◆ RECORDED DATA ◆
###
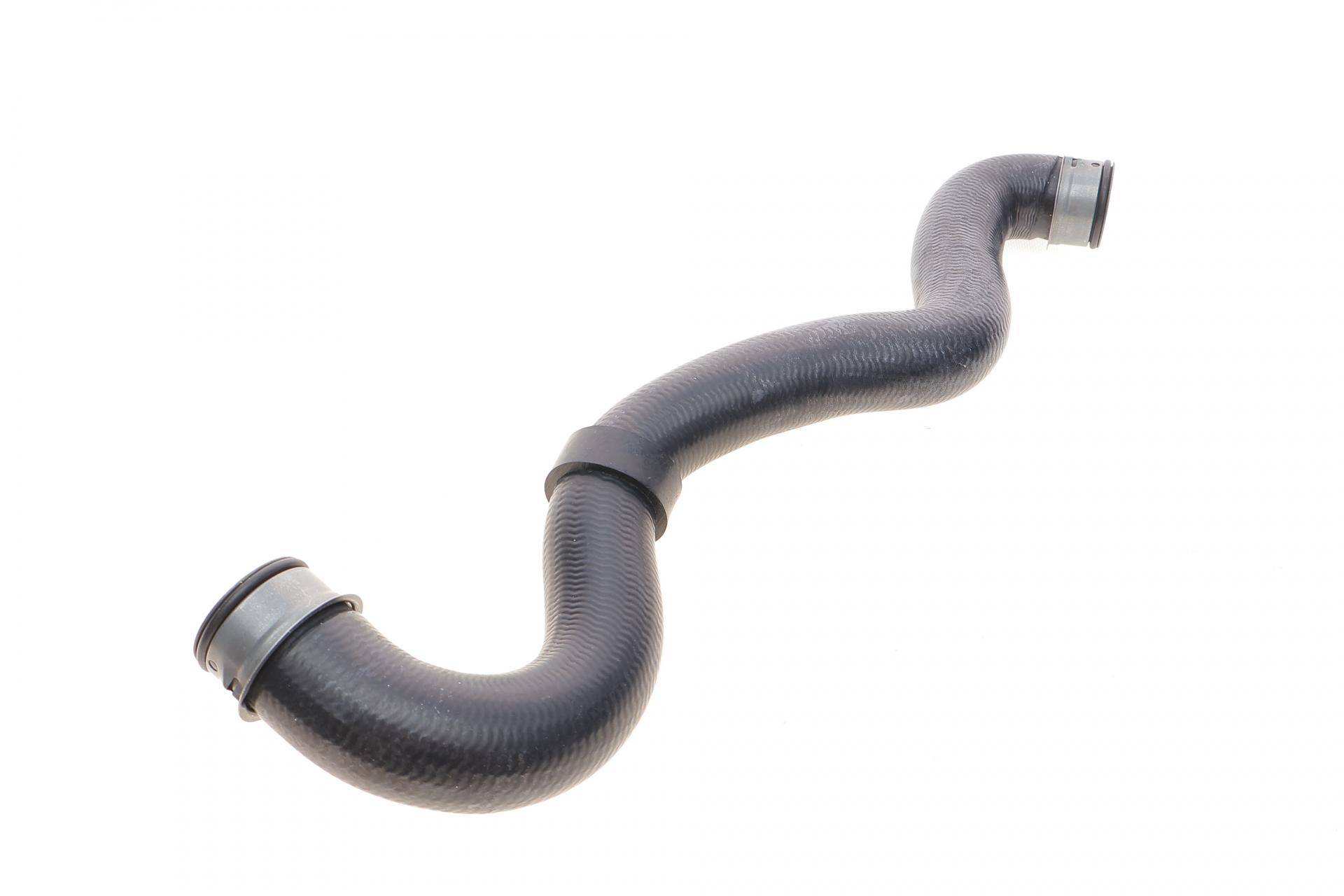 Патрубок радіатора (верхній) MB C-class (W203/S203/CL203) 02-08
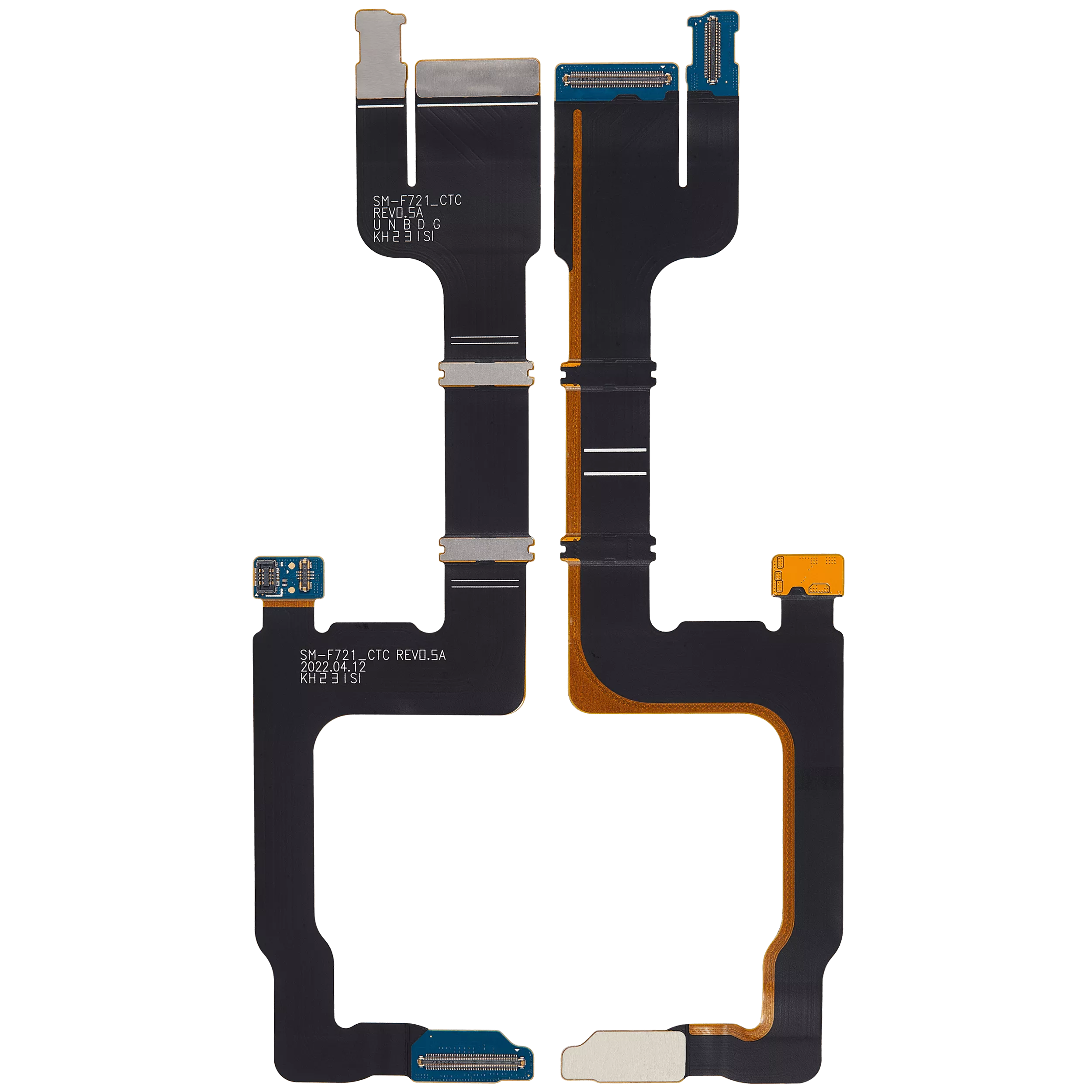 Mainboard-Flexkabel für Samsung Galaxy Z Flip 4 (F721) – Bild 2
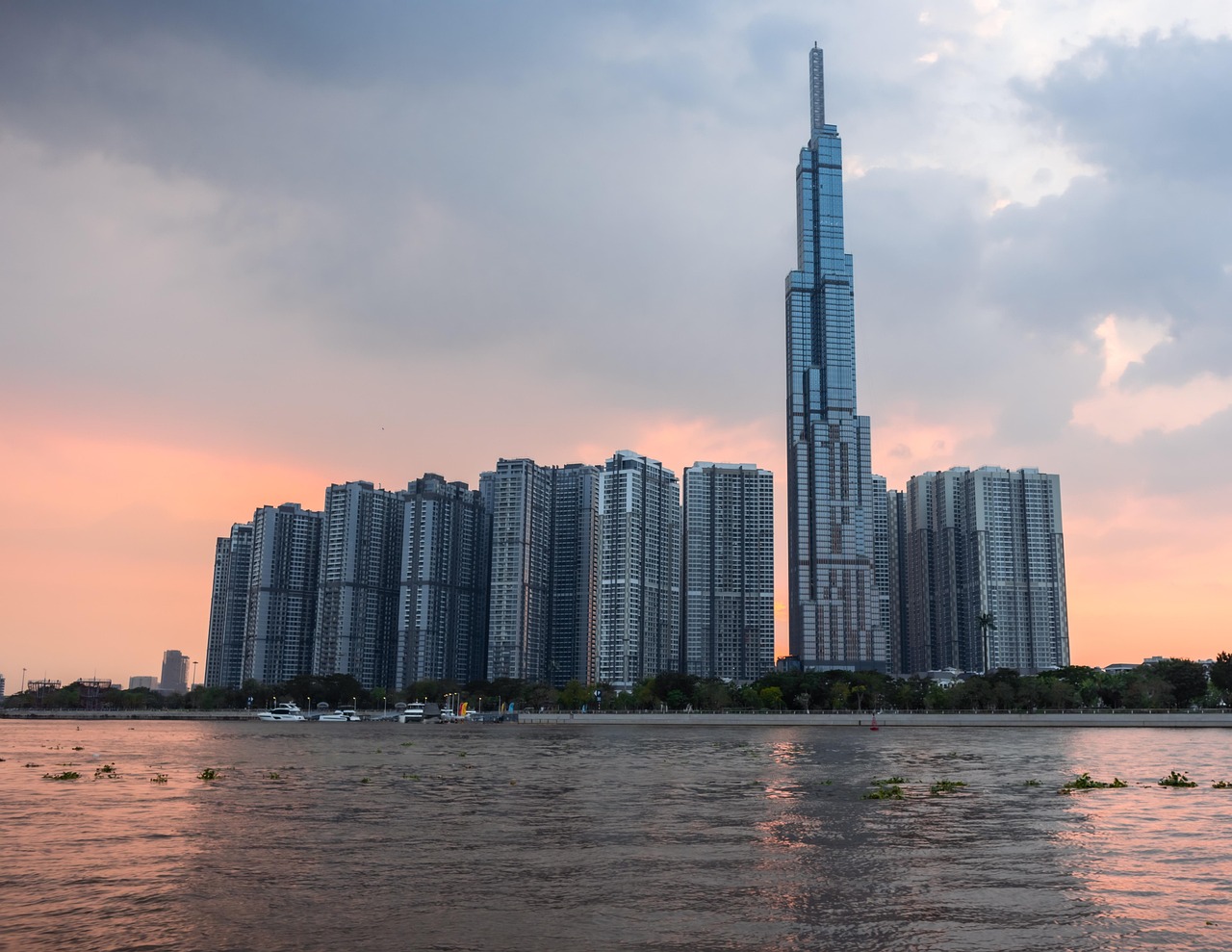 Vietnam Property Market Forecast 2026 (Trends, Prices & Investment Outlook)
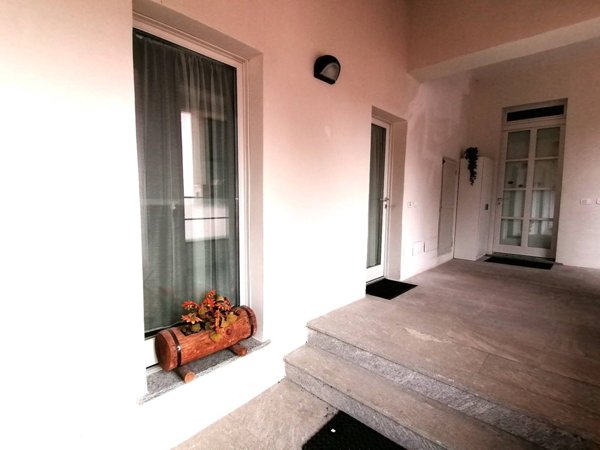 appartamento in vendita a Cannobio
###
◆ TASK ITEM ◆
Everything in the material must be duplicated exactly, except the pictures.

◆ ANSWER SECTION ◆
 Патрубок радіатора (верхній) MB C-class (W203/S203/CL203) 02-08
 Mainboard-Flexkabel für Samsung Galaxy Z Flip 4 (F721) – Bild 2
 Vietnam Property Market Forecast 2026 (Trends, Prices & Investment Outlook)
 appartamento in vendita a Cannobio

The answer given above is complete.